Jack had told him all about it. Jack knew all about such things. The manitoo was a forest creature that lent you wisdom; it could help you prosper. Jack had seen this white buck and said it would be bad luck to shoot it. It was a good birthday gift. Now it was watching Petr Valory. It doesn’t like the rifle. Okay. Be rid of it then.
He ran downslope until he found the biggest cedar tree he had ever seen in his life. Massive survivor of centuries, it was tent-like, with branches that covered the ground. He crawled inside. It cool, dry and fragrant. He set the rifle against the trunk. There. Good. Crawl outside again. He made a stone pyramid to mark the tree. Come back later.

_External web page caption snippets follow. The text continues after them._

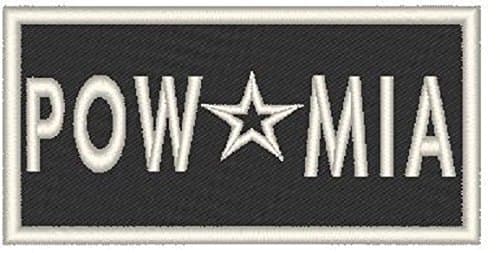POW MIA Iron-on Patch Biker Emblem White Merrow Border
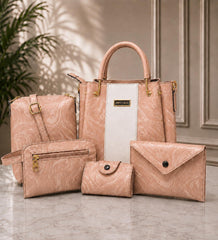 Handbag Set | 5-Piece Elegant Tote Bag Set | Shoulder Bag, Crossbody & Clutch | Premium Fashion Gift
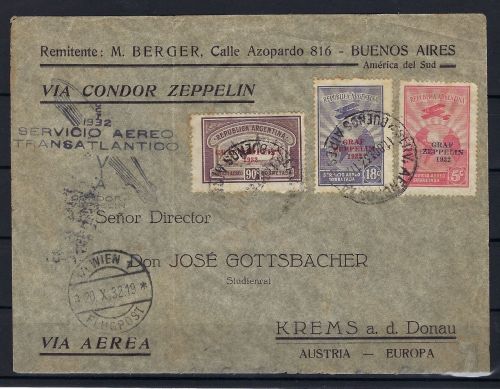 Zeppelinpost 1932 Buenos Aires n. Krems Donau (Österreich)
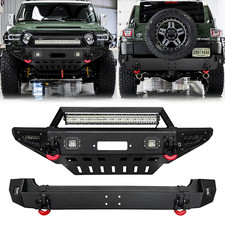 Vijay Front/Rear Bumper W/Winch Plate&LED Lights For 2007-2014 Toyota FJ Cruiser picture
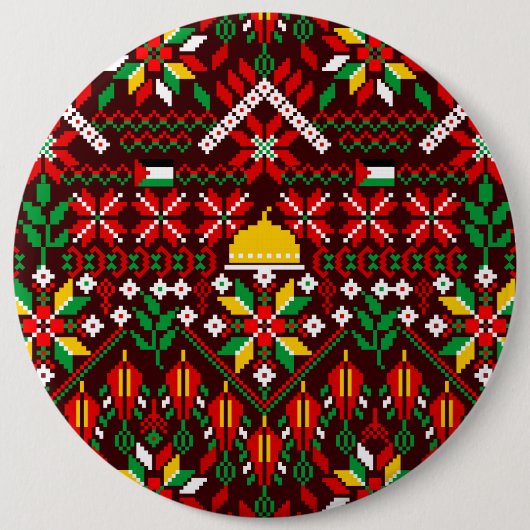 Palestina Tatreez Traditioneel Borduurwerk Ronde Button 6,0 Cm (Voorkant)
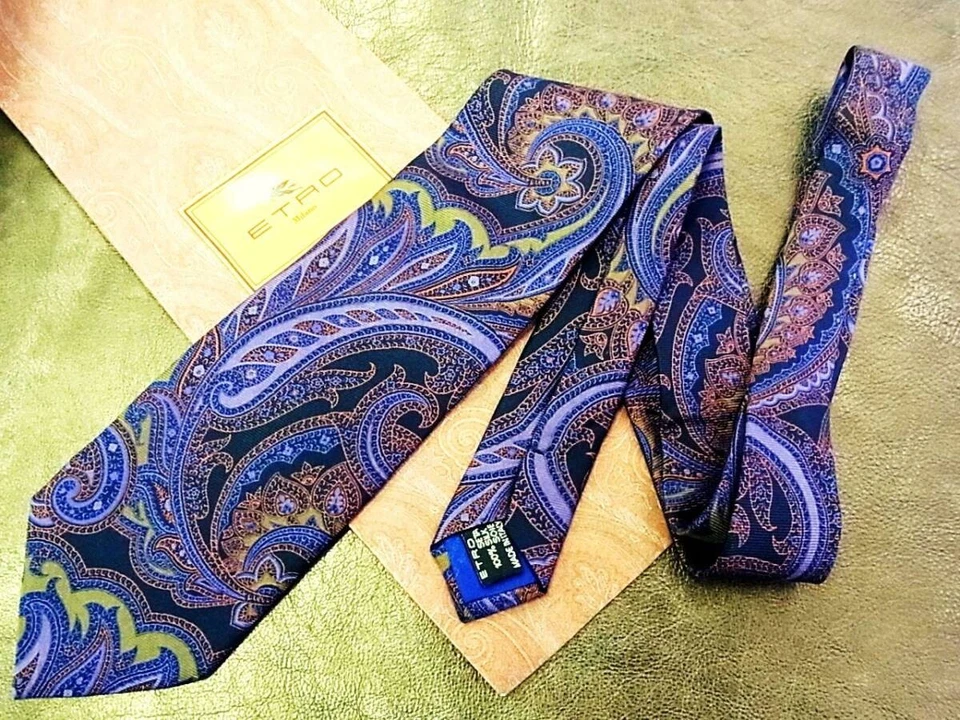 ETRO Italy ETO Used Necktie Tie Ties Mens Unisex SILL Multicolor Gorgeous H38 - Image 1 of 3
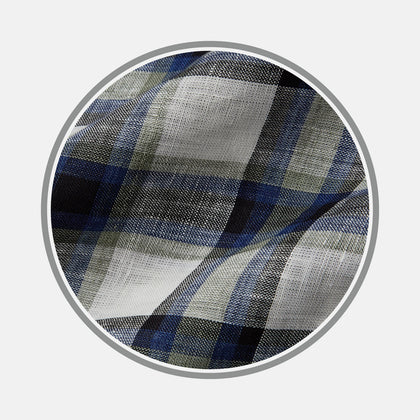 Green Multi Check Linen Fabric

He didn’t know he wouldn’t see that rifle again for twelve years.
He searched upslope, but the white deer was gone. Probably wasn’t a manitoo anyway. Still, you didn’t see a magnum buck like that every day. Just a good luck sign that today was a lucky day: Head for that dry waterfall. See what you see.
He scrambled up until he was atop the smaller crest with its big view. Little Rocky would never make it up here. No worries about that. Again he would be wrong.
To the south lay the big blue expanse of Long Lake. Jack’s cabin looked like a toy house on a peninsula of pines jutting into the lake. To the north lay a gray valley holding two blue-jewel lakes, primitive and wild. A strong, sugary wind breezed up from the valley, a sweet pine wind. It was beautiful. Go there–to the valley of the lakes. He checked his watch: 2:15. Plenty of time before sundown. That was another miscalculation.
There it was again. The manitoo deer stood beside the first small lake, lapping up water. It raised its wide antlers at him, as if to say: Well, are you coming? Then it trotted away westward.